Esperó. Al cabo de un rato ella levantó la vista.
¿Quieres algo más?
No. Gracias.
La muchacha empezó a guardar los restos de la comida. Él la observó pero no hizo ademán de ayudarla. Él se levantó y ella dobló el sarape, metió dentro las provisiones que les quedaban y volvió a atarlo con los cordeles.
No sabes nada de mi hermano, dijo él.
Quizá.
Ella permaneció de pie con el sarape al hombro.
¿Por qué no me contestas?, dijo él.
La muchacha lo miró. Dijo que ya le había contestado. Dijo que en toda familia siempre hay uno que es distinto y que los demás creen conocer a esa persona pero que en realidad no la conocen. Dijo que ella también era distinta y que sabía de qué hablaba. Luego se volvió, se encaminó hacia los caballos, que pacían en la polvorienta maleza de la cuneta, ató el sarape arrollado detrás del arzón, apretó la cincha y montó.
Billy montó también, y entró delante de ella en la carretera. Luego se detuvo y miró hacia atrás. Dijo que había cosas de su hermano que solo su familia podía saber y que como su familia había muerto el único que las sabía era él.

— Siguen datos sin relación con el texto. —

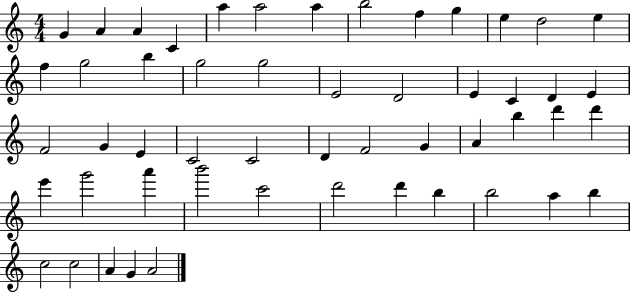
{
  \clef treble
  \numericTimeSignature
  \time 4/4
  \key c \major
  g'4 a'4 a'4 c'4 | a''4 a''2 a''4 | b''2 f''4 g''4 | e''4 d''2 e''4 | \break f''4 g''2 b''4 | g''2 g''2 | e'2 d'2 | e'4 c'4 d'4 e'4 | \break f'2 g'4 e'4 | c'2 c'2 | d'4 f'2 g'4 | a'4 b''4 d'''4 d'''4 | \break e'''4 g'''2 a'''4 | b'''2 c'''2 | d'''2 d'''4 b''4 | b''2 a''4 b''4 | \break c''2 c''2 | a'4 g'4 a'2 | \bar "|."
}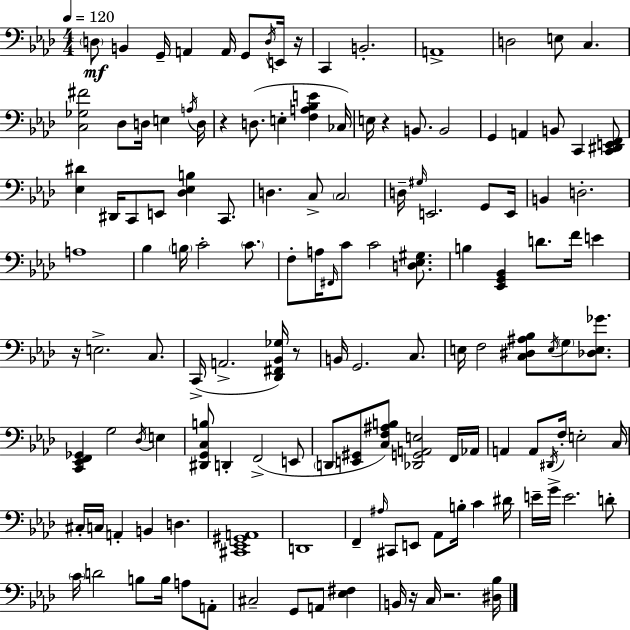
X:1
T:Untitled
M:4/4
L:1/4
K:Fm
D,/2 B,, G,,/4 A,, A,,/4 G,,/2 D,/4 E,,/4 z/4 C,, B,,2 A,,4 D,2 E,/2 C, [C,_G,^F]2 _D,/2 D,/4 E, A,/4 D,/4 z D,/2 E, [F,A,_B,E] _C,/4 E,/4 z B,,/2 B,,2 G,, A,, B,,/2 C,, [C,,^D,,E,,F,,]/2 [_E,^D] ^D,,/4 C,,/2 E,,/2 [_D,_E,B,] C,,/2 D, C,/2 C,2 D,/4 ^G,/4 E,,2 G,,/2 E,,/4 B,, D,2 A,4 _B, B,/4 C2 C/2 F,/2 A,/4 ^F,,/4 C/2 C2 [D,_E,^G,]/2 B, [_E,,G,,_B,,] D/2 F/4 E z/4 E,2 C,/2 C,,/4 A,,2 [_D,,^F,,_B,,_G,]/4 z/2 B,,/4 G,,2 C,/2 E,/4 F,2 [C,^D,^A,_B,]/2 E,/4 G,/2 [_D,E,_G]/2 [C,,_E,,F,,_G,,] G,2 _D,/4 E, [^D,,G,,C,B,]/2 D,, F,,2 E,,/2 D,,/2 [E,,^G,,]/2 [C,F,^A,B,]/2 [_D,,G,,A,,E,]2 F,,/4 _A,,/4 A,, A,,/2 ^D,,/4 F,/4 E,2 C,/4 ^C,/4 C,/4 A,, B,, D, [^C,,_E,,^G,,A,,]4 D,,4 F,, ^A,/4 ^C,,/2 E,,/2 _A,,/2 B,/4 C ^D/4 E/4 G/4 E2 D/2 C/4 D2 B,/2 B,/4 A,/2 A,,/2 ^C,2 G,,/2 A,,/2 [_E,^F,] B,,/4 z/4 C,/4 z2 [^D,_B,]/4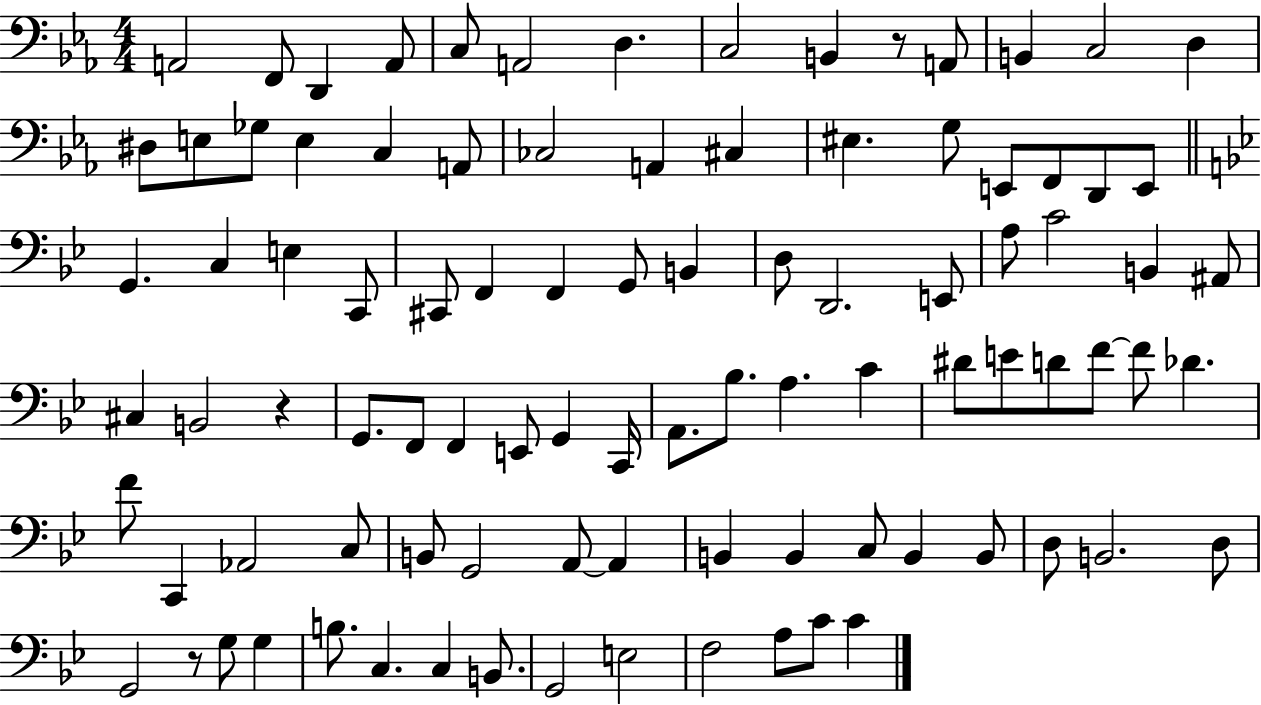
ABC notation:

X:1
T:Untitled
M:4/4
L:1/4
K:Eb
A,,2 F,,/2 D,, A,,/2 C,/2 A,,2 D, C,2 B,, z/2 A,,/2 B,, C,2 D, ^D,/2 E,/2 _G,/2 E, C, A,,/2 _C,2 A,, ^C, ^E, G,/2 E,,/2 F,,/2 D,,/2 E,,/2 G,, C, E, C,,/2 ^C,,/2 F,, F,, G,,/2 B,, D,/2 D,,2 E,,/2 A,/2 C2 B,, ^A,,/2 ^C, B,,2 z G,,/2 F,,/2 F,, E,,/2 G,, C,,/4 A,,/2 _B,/2 A, C ^D/2 E/2 D/2 F/2 F/2 _D F/2 C,, _A,,2 C,/2 B,,/2 G,,2 A,,/2 A,, B,, B,, C,/2 B,, B,,/2 D,/2 B,,2 D,/2 G,,2 z/2 G,/2 G, B,/2 C, C, B,,/2 G,,2 E,2 F,2 A,/2 C/2 C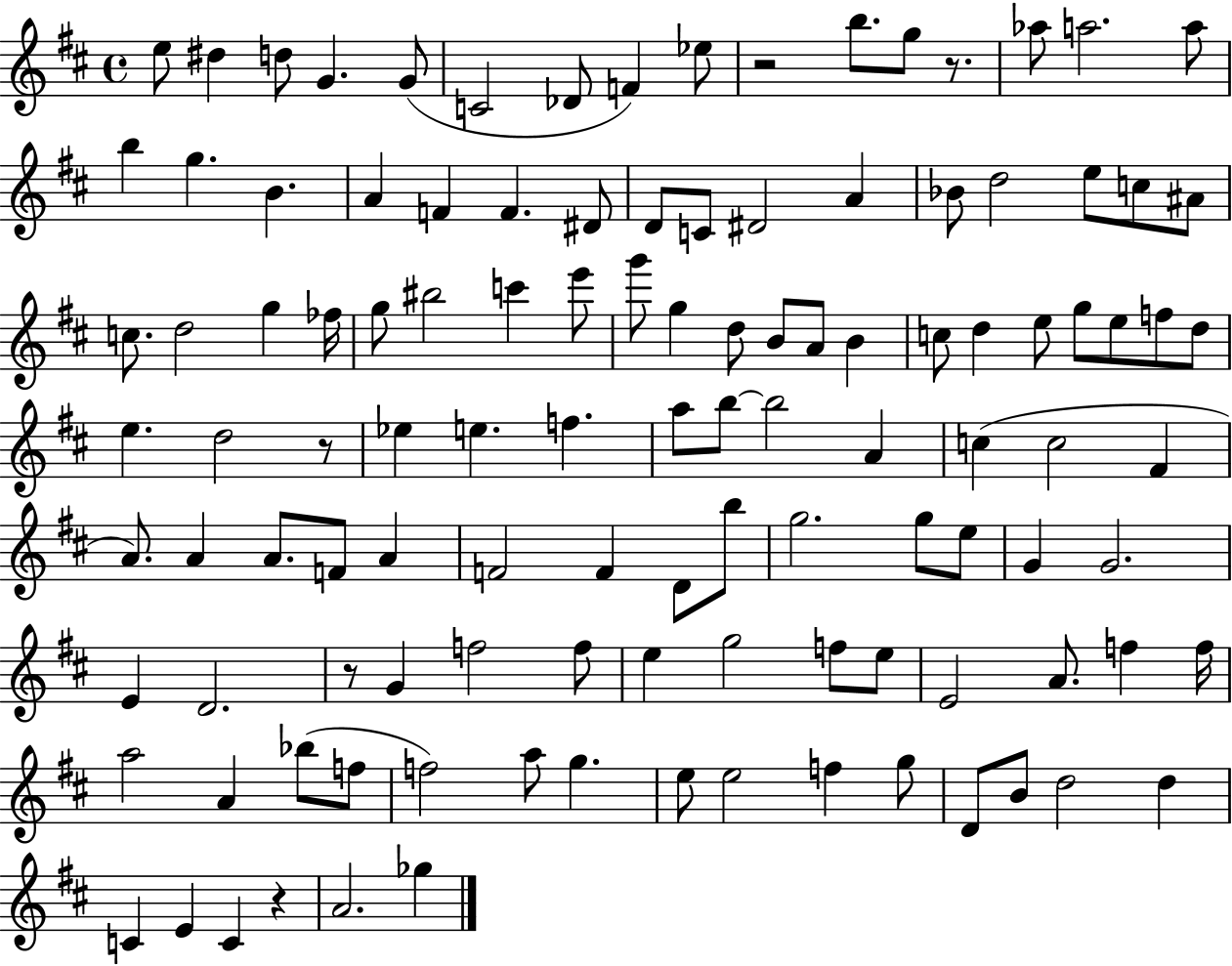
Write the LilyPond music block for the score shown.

{
  \clef treble
  \time 4/4
  \defaultTimeSignature
  \key d \major
  e''8 dis''4 d''8 g'4. g'8( | c'2 des'8 f'4) ees''8 | r2 b''8. g''8 r8. | aes''8 a''2. a''8 | \break b''4 g''4. b'4. | a'4 f'4 f'4. dis'8 | d'8 c'8 dis'2 a'4 | bes'8 d''2 e''8 c''8 ais'8 | \break c''8. d''2 g''4 fes''16 | g''8 bis''2 c'''4 e'''8 | g'''8 g''4 d''8 b'8 a'8 b'4 | c''8 d''4 e''8 g''8 e''8 f''8 d''8 | \break e''4. d''2 r8 | ees''4 e''4. f''4. | a''8 b''8~~ b''2 a'4 | c''4( c''2 fis'4 | \break a'8.) a'4 a'8. f'8 a'4 | f'2 f'4 d'8 b''8 | g''2. g''8 e''8 | g'4 g'2. | \break e'4 d'2. | r8 g'4 f''2 f''8 | e''4 g''2 f''8 e''8 | e'2 a'8. f''4 f''16 | \break a''2 a'4 bes''8( f''8 | f''2) a''8 g''4. | e''8 e''2 f''4 g''8 | d'8 b'8 d''2 d''4 | \break c'4 e'4 c'4 r4 | a'2. ges''4 | \bar "|."
}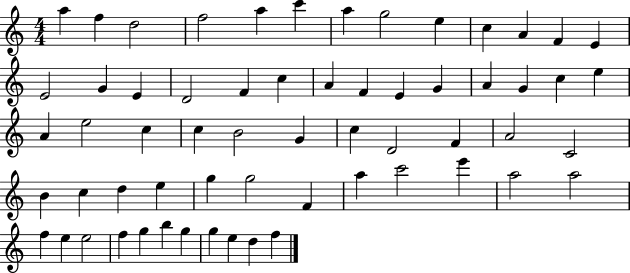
A5/q F5/q D5/h F5/h A5/q C6/q A5/q G5/h E5/q C5/q A4/q F4/q E4/q E4/h G4/q E4/q D4/h F4/q C5/q A4/q F4/q E4/q G4/q A4/q G4/q C5/q E5/q A4/q E5/h C5/q C5/q B4/h G4/q C5/q D4/h F4/q A4/h C4/h B4/q C5/q D5/q E5/q G5/q G5/h F4/q A5/q C6/h E6/q A5/h A5/h F5/q E5/q E5/h F5/q G5/q B5/q G5/q G5/q E5/q D5/q F5/q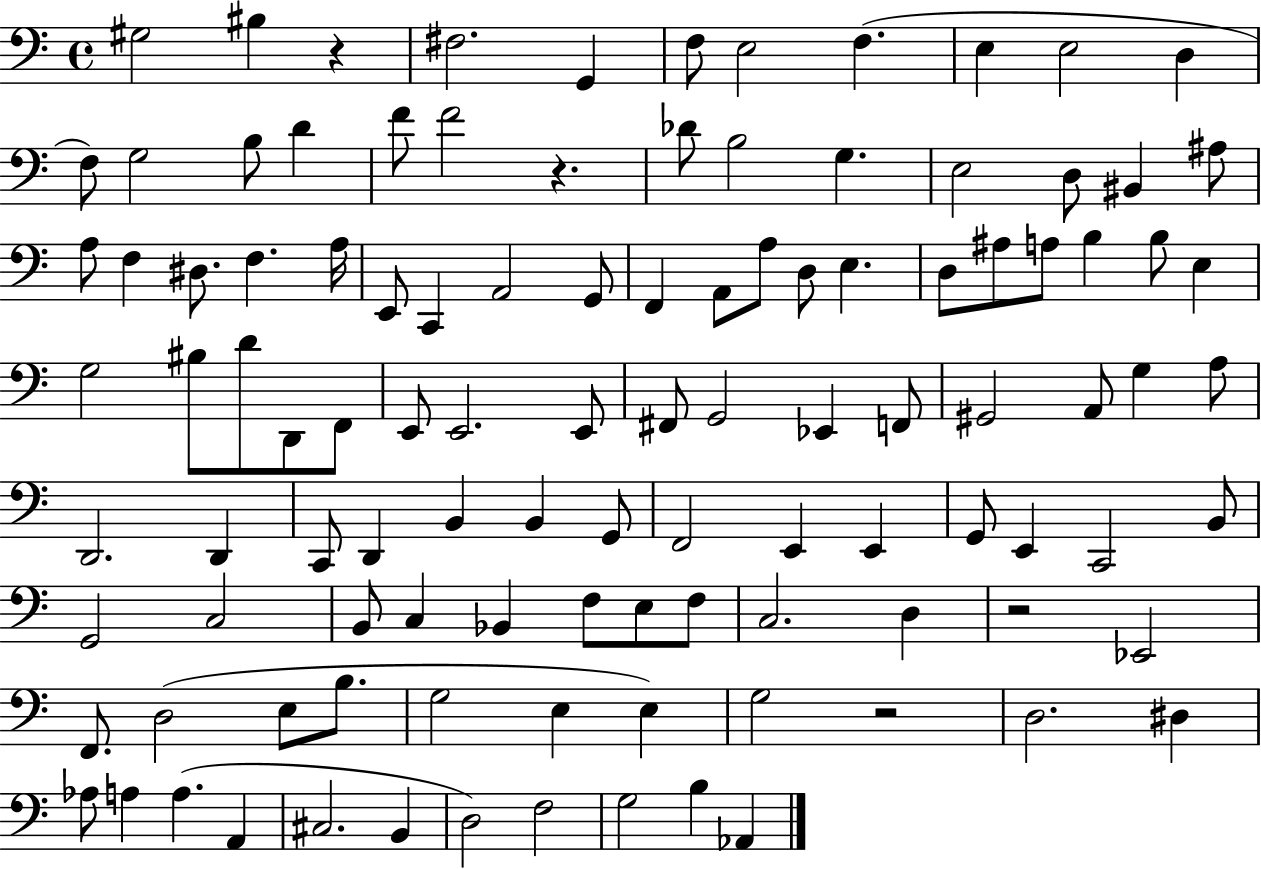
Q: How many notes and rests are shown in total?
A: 109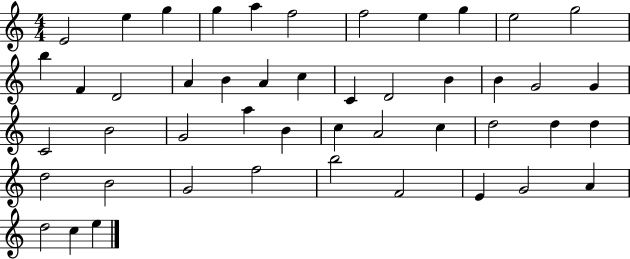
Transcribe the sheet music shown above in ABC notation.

X:1
T:Untitled
M:4/4
L:1/4
K:C
E2 e g g a f2 f2 e g e2 g2 b F D2 A B A c C D2 B B G2 G C2 B2 G2 a B c A2 c d2 d d d2 B2 G2 f2 b2 F2 E G2 A d2 c e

Hasta el menor detalle. Cada vez que le daba por vomitar o el día en que le mordió un escorpión y pensó que se iba a morir, o cualquier anécdota de cuando vivían en otra parte de su país que el propio Boyd apenas recordaba o no recordaba en absoluto, incluyendo a su abuela y a su hermana gemela, enterrada hacía tantos años ya en un lugar que probablemente jamás volvería a ver.
¿Sabías que él tenía una hermana gemela que murió cuando tenía cinco años?, dijo Billy.
Ella respondió que no sabía que Boyd hubiera tenido una hermana gemela o que esta hubiese muerto, pero que eso carecía de importancia porque ahora tenía otra hermana. Luego picó a su caballo, pasó de largo y siguió por la carretera.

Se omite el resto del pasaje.